From his position as an urban planner, Brad Lander, director of the Pratt Center for Community Development, is critical of many of Bloomberg’s stances on housing, development and jobs – and identifies problems as coming from foreseeable outcomes of administration policies. He’s also personally affected by the current upheaval, as he’s been planning to run for the City Council seat of Brooklyn Councilman Bill de Blasio, who is term-limited out and has been planning a run for Brooklyn borough president.
“I see why the real estate and Wall Street community believe that Mike Bloomberg is good for them,” Lander said, “but we’re at a moment when it’s not clear that real estate and Wall Street interests are in everybody’s interests. …I don’t remember Mayor Bloomberg raising questions about subprime lending. I don’t remember the mayor asking whether overpaying for Stuy Town was good for middle-class New Yorkers or the New York City economy. It turns out it was bad for both.” Stuyvesant Town was bought by Tishman Speyer – whose chairman, Jerry Speyer, is one of the Open Letter’s signers – and is one of the more-affordable housing properties recently acquired as investments that may be going south, according to a new report by the Association for Neighborhood and Housing Development.

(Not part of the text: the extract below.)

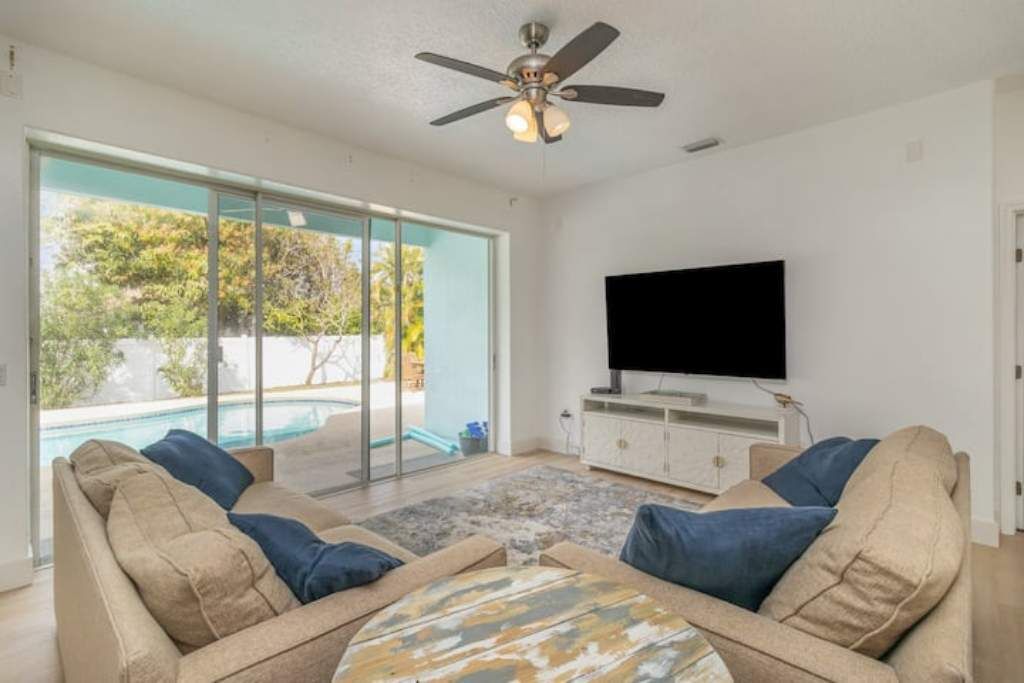 Bright Ocean Entire home w/ pool, short walk to the beach!  Pet Friendly!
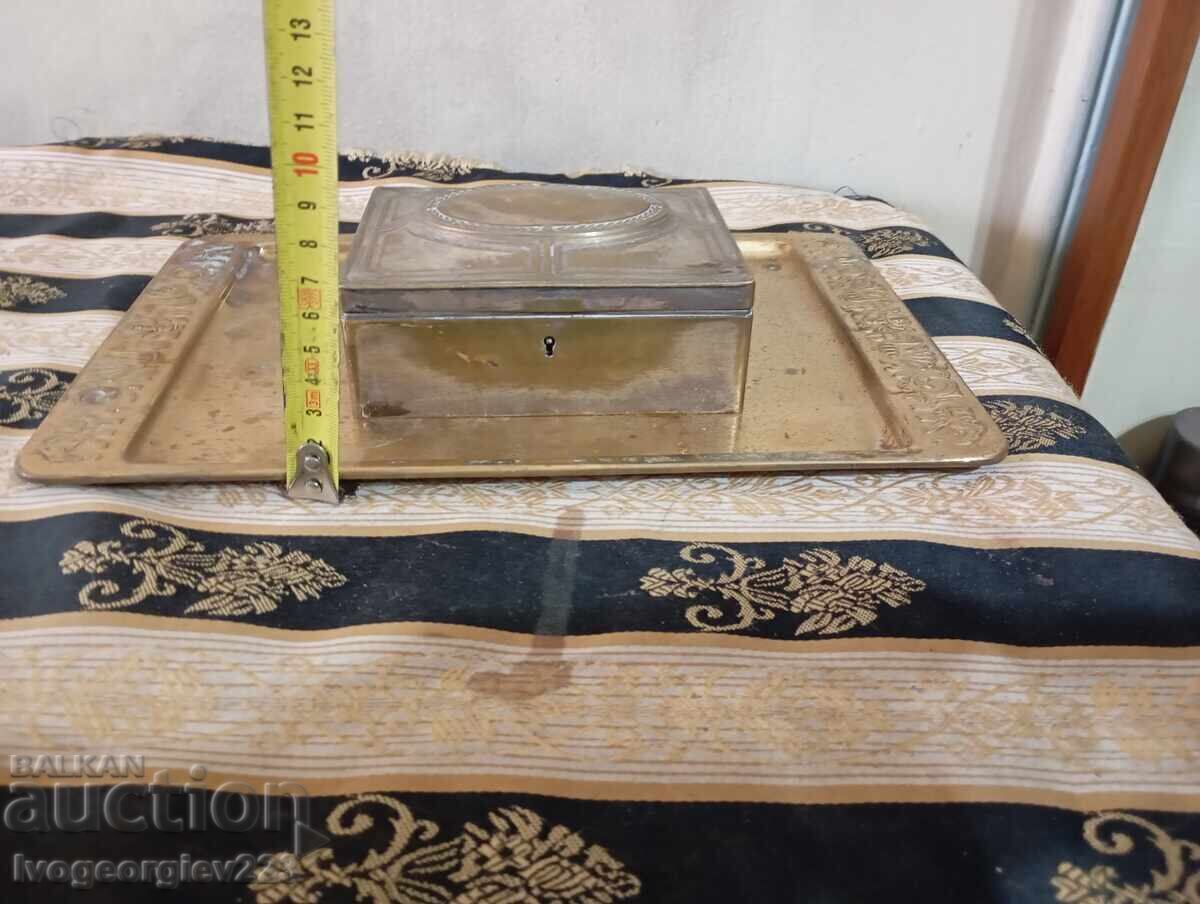 Cutie de bijuterii cu tavă art deco Cutie de bijuterii cu tavă art deco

Moreover, says Lander, Bloomberg’s initiatives for lower-income residents constitute more of an around-the-edges approach than striving for structural change. “The core economic strategies have never been about broadly shared prosperity, equality, or poverty alleviation. They’ve been about condos and offices and Wall Street and real estate growth. And the consequences of those policies, I think on balance have done more harm for low-income and working-class people,” he said, pointing to the replacement of manufacturing jobs with lower-paying service industry jobs, or the rising real estate costs that dampen much of the positive effect of new affordable housing units.
Less-well-off New Yorkers and their advocates alike cite the precarious state of public housing as one black mark on the Bloomberg administration – even though much of the needed, and missing, funding would come from the federal government.
“The mayor’s supposed to be our advocate. He should be in Washington and in Albany asking for more money for public housing,” said Theo Moore, lead organizer for FUREE, Families United for Racial and Economic Equality, in Fort Greene, Brooklyn.
“I think the Council and the mayor are abusing their powers. If we voted and said something, there’s no need to revisit it,” says Moore. “Every City Council person who votes for this will have a target on their back. When you go against the will of the people, you don’t deserve to keep your job.”
Yvonne Shields, 62, is a resident of public housing – Highbridge Gardens in the Bronx – and a board member of the grassroots antipoverty group Community Voices Heard. “The things that affect me most have not been a high priority on his list,” Shields says.
As to whether he found anything to praise in the Bloomberg administration, Moore said, “I think 311 is great! But other than that, no.”